__Aim of the exercise__:
From the records below, please print only the lines from the one containing "keyboard icon sign." through the one containing "Last Clear Chance", both included. Skip the pictures.

__The data__:

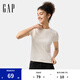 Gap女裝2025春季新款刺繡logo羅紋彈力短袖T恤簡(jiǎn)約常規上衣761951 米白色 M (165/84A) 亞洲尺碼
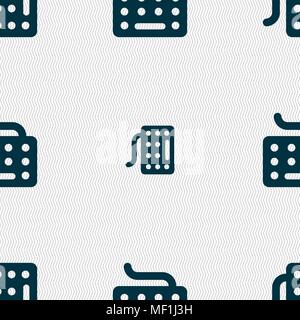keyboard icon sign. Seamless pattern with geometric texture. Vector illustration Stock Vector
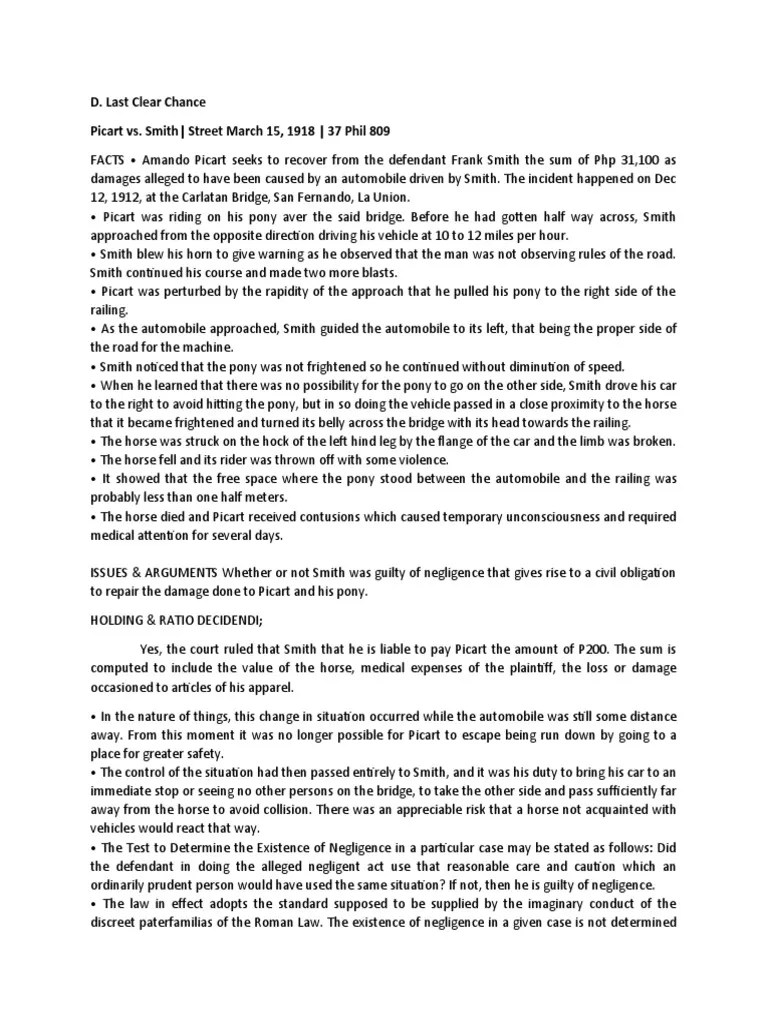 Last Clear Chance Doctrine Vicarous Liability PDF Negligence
==
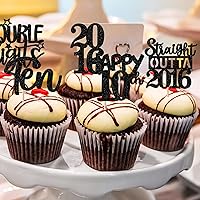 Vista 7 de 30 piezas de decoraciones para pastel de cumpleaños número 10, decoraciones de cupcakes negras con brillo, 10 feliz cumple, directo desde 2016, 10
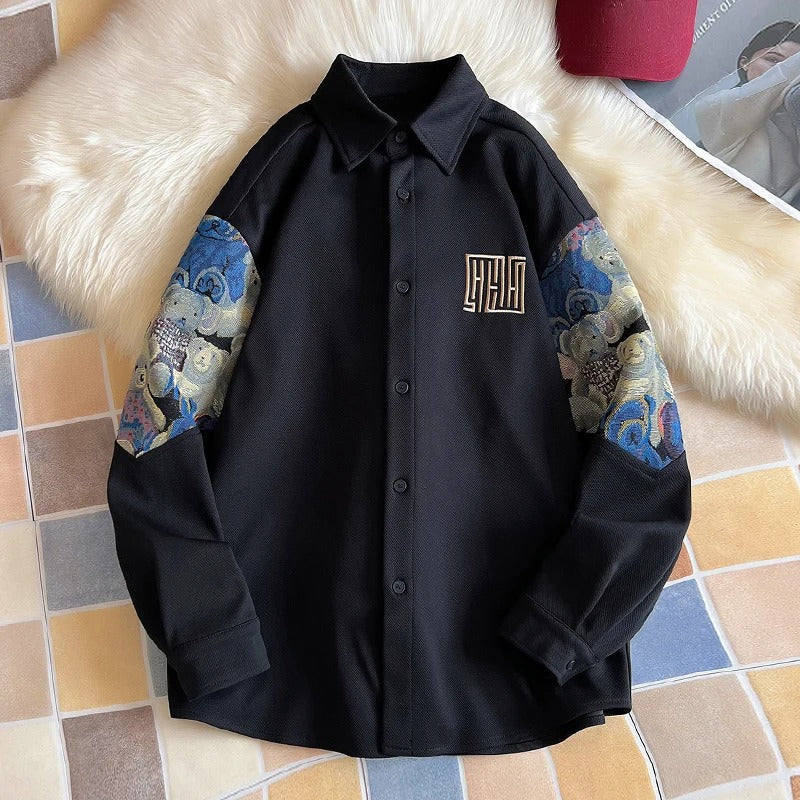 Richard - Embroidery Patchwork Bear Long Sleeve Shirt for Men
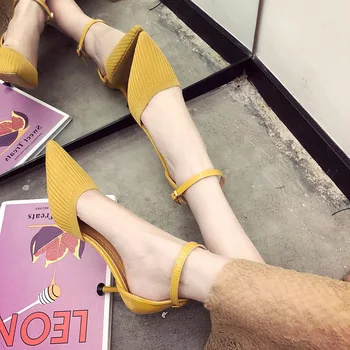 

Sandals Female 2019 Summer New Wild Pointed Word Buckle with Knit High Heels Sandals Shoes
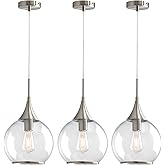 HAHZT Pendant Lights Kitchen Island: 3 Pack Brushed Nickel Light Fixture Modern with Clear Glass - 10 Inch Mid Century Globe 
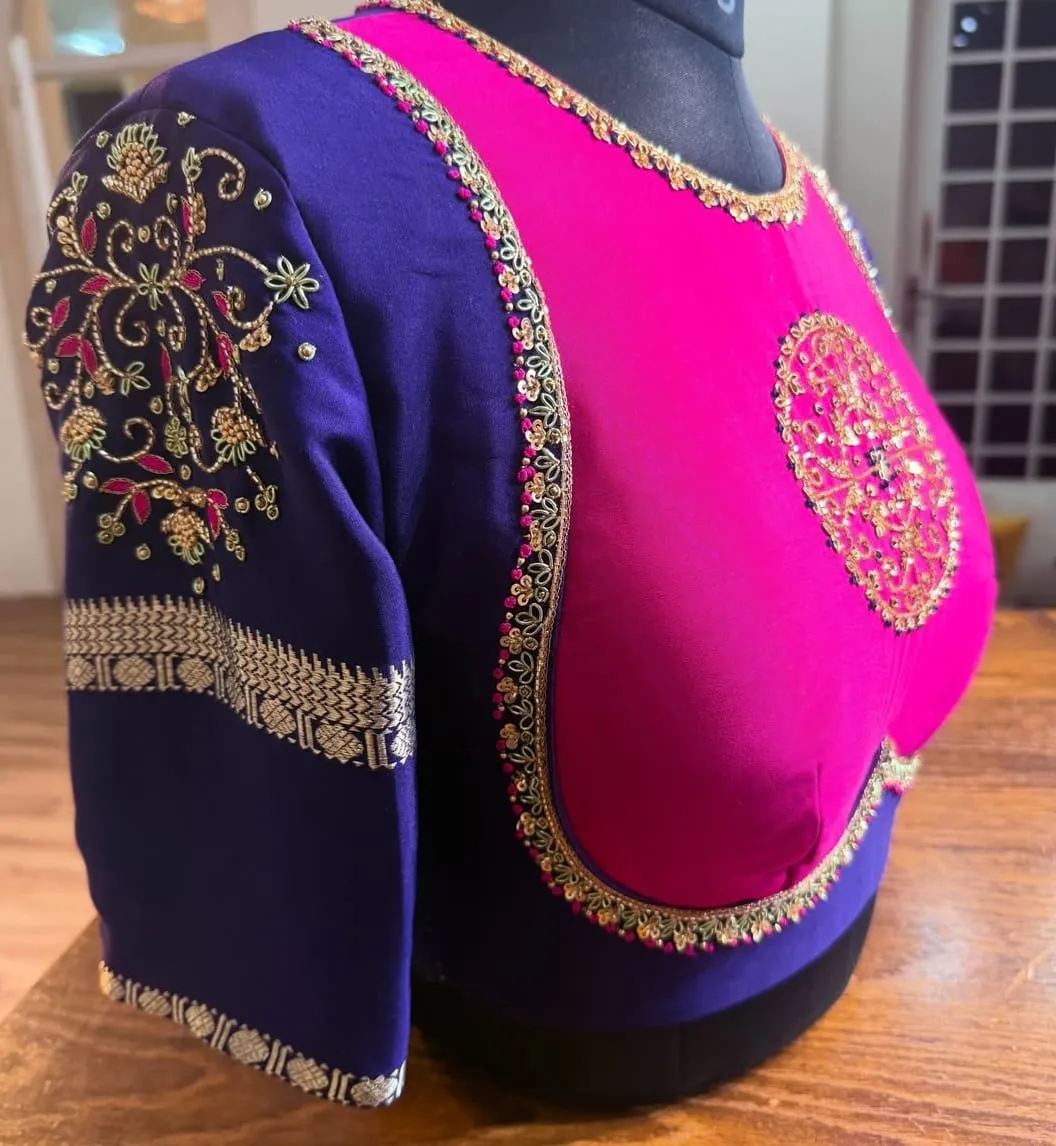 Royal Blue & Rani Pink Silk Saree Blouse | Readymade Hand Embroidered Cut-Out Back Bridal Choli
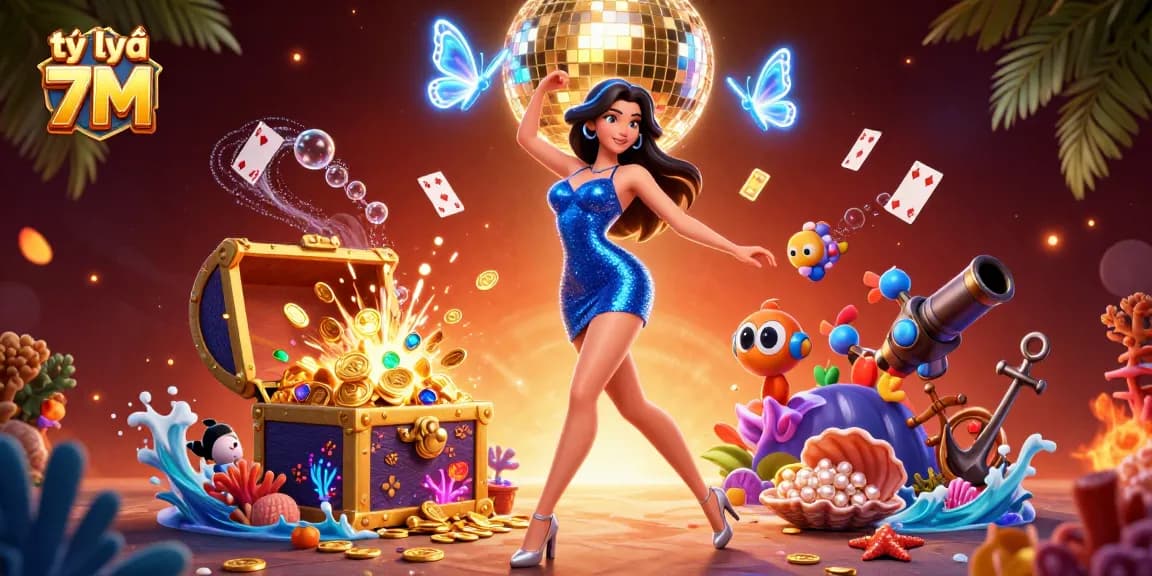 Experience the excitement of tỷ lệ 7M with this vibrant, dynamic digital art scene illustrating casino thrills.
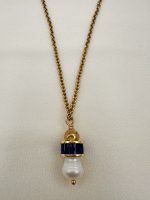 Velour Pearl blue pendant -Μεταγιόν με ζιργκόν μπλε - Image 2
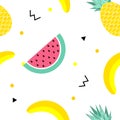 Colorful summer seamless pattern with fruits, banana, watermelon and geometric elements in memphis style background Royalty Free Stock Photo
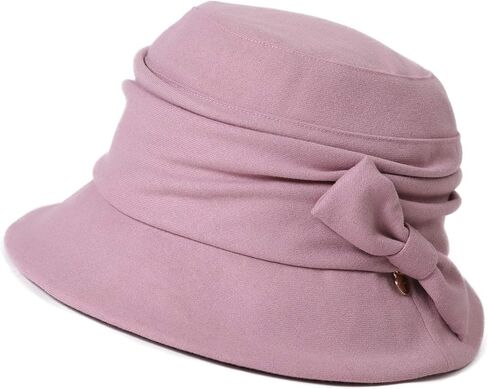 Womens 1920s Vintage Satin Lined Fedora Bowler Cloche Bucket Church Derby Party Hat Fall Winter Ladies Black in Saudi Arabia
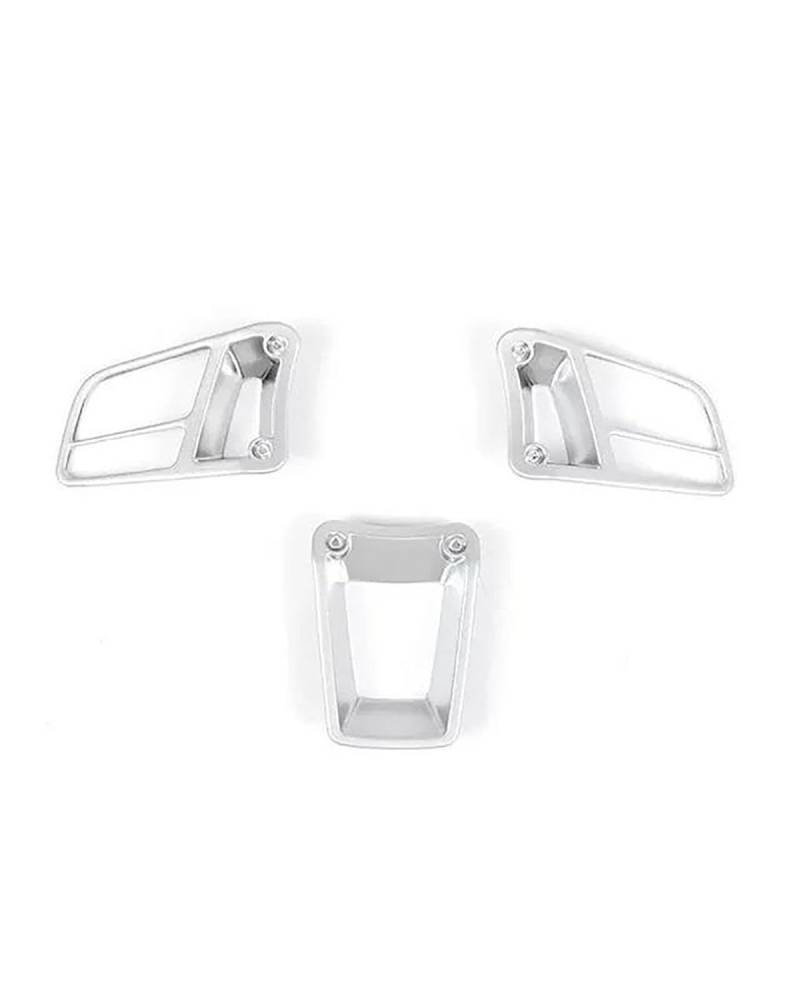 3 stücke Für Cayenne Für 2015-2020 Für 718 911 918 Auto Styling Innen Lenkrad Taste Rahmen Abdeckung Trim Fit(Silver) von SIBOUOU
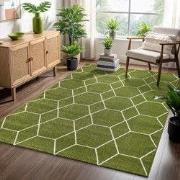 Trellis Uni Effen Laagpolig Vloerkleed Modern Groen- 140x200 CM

__Answer below__:
keyboard icon sign. Seamless pattern with geometric texture. Vector illustration Stock Vector
 Last Clear Chance Doctrine Vicarous Liability PDF Negligence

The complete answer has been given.